No Man’s Sky – ONE MAN’S LIE

No Man’s Sky – ONE MAN’S LIE

Après plusieurs mois de déboires et de scandales divers, No Man’s Sky est certainement un jeu d’exploration spatiale qui aura fait couler beaucoup d’encre, et cela malgré lui. Remboursements massifs sur les platesformes de jeu, attaques en justice, … Son game designer principal, Sean Murray a depuis lors fait silence de mort. Rewind sur les origines d’une déception astronomique.

Une attente infinie

No Man’s Sky a été présenté pour la toute première fois à l’E3 2014 et a provoqué un raz-de-marée de hype incontrôlable. Il faut le dire, le topo avait l’air alléchant car la recette paraissait monter au-delà des espérances : galaxie entière générée procéduralement et de taille quasi-infinie, expérience multijoueur non instanciée, batailles spatiales grandioses, espèces extraterrestres nombreuses et toutes distinguables les unes des autres.

L’attente, autant chez les journalistes que chez le public, pouvait se ressentir.
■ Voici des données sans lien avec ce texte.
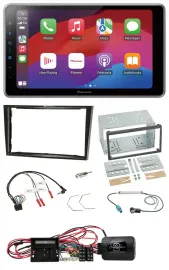 Pioneer Lenkrad USB DAB Bluetooth 2DIN Autoradio für Opel Corsa D Klavierlack 09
No Man’s Sky était devenu en quelque sorte « le jeu auquel il fallait jouer avant de mourir ». Les promesses étaient nombreuses, au point que certains journalistes se sont interrogés et ont commencé à interviewer avec plus de pragmatisme notre Sean. Ses réponses aux questions telles que « peut-on réellement jouer avec ses amis » ou « comment fonctionnera le système d’écosystème des planètes du jeu », questions au premier abord simples et élémentaires, ont montré qu’il y avait aussi anguille sous roche concernant les propos de Sean et les premières alertes ont été lancées, mais cela n’a servi à rien car l’avalanche No Man’s Sky était lancée. Le jeu sortira finalement le 9 août 2016.
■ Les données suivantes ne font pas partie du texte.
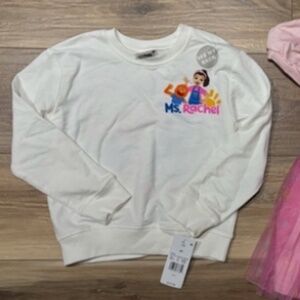Ms. Rachel White Sweatshirt  Size 4T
La chose la plus étonnante avant même de démarrer le jeu est sa taille. Deux Go. Cela correspond à un film en haute définition, où à quelques albums en mp3. Mais certainement pas à un jeu vidéo et surtout de cette envergure. Vous allez comprendre pourquoi. Le jeu démarre. Vous êtes projeté dans une vue de la galaxie qui vous fera plus penser à un économiseur d’écran qu’à un véritable chargement. Comptez 60 secondes (en temps réel, cela est relativement long pour un chargement). Vous apparaissez sur une planète de départ. Elle ne sera jamais la même en vertu du grand principe de No Man’s Sky : l’aléatoire. Tout ce que vous allez explorer, tout ce avec quoi vous allez interagir est régi par la loi du RGN.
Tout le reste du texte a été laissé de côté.